What needs to be done:
Write out the records that follow with every word intact.

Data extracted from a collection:
+---+

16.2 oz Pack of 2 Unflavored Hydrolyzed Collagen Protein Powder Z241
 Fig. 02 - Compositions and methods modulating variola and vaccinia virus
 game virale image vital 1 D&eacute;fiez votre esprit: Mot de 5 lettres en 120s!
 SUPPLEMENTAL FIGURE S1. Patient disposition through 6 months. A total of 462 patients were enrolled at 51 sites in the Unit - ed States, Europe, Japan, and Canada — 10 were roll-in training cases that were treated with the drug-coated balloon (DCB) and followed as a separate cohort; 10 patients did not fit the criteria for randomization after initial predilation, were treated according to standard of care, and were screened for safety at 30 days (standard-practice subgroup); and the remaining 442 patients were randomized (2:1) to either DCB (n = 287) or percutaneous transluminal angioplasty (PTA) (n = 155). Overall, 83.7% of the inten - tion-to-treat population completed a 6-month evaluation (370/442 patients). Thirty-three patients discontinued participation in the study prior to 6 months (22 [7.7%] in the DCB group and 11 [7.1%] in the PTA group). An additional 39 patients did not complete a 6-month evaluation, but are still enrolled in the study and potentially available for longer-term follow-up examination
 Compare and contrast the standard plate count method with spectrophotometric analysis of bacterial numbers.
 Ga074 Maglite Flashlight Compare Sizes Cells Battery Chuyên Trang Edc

+---+

The answer:
16.2 oz Pack of 2 Unflavored Hydrolyzed Collagen Protein Powder Z241
 Fig. 02 - Compositions and methods modulating variola and vaccinia virus
 game virale image vital 1 D&eacute;fiez votre esprit: Mot de 5 lettres en 120s!
 SUPPLEMENTAL FIGURE S1. Patient disposition through 6 months. A total of 462 patients were enrolled at 51 sites in the Unit - ed States, Europe, Japan, and Canada — 10 were roll-in training cases that were treated with the drug-coated balloon (DCB) and followed as a separate cohort; 10 patients did not fit the criteria for randomization after initial predilation, were treated according to standard of care, and were screened for safety at 30 days (standard-practice subgroup); and the remaining 442 patients were randomized (2:1) to either DCB (n = 287) or percutaneous transluminal angioplasty (PTA) (n = 155). Overall, 83.7% of the inten - tion-to-treat population completed a 6-month evaluation (370/442 patients). Thirty-three patients discontinued participation in the study prior to 6 months (22 [7.7%] in the DCB group and 11 [7.1%] in the PTA group). An additional 39 patients did not complete a 6-month evaluation, but are still enrolled in the study and potentially available for longer-term follow-up examination
 Compare and contrast the standard plate count method with spectrophotometric analysis of bacterial numbers.
 Ga074 Maglite Flashlight Compare Sizes Cells Battery Chuyên Trang Edc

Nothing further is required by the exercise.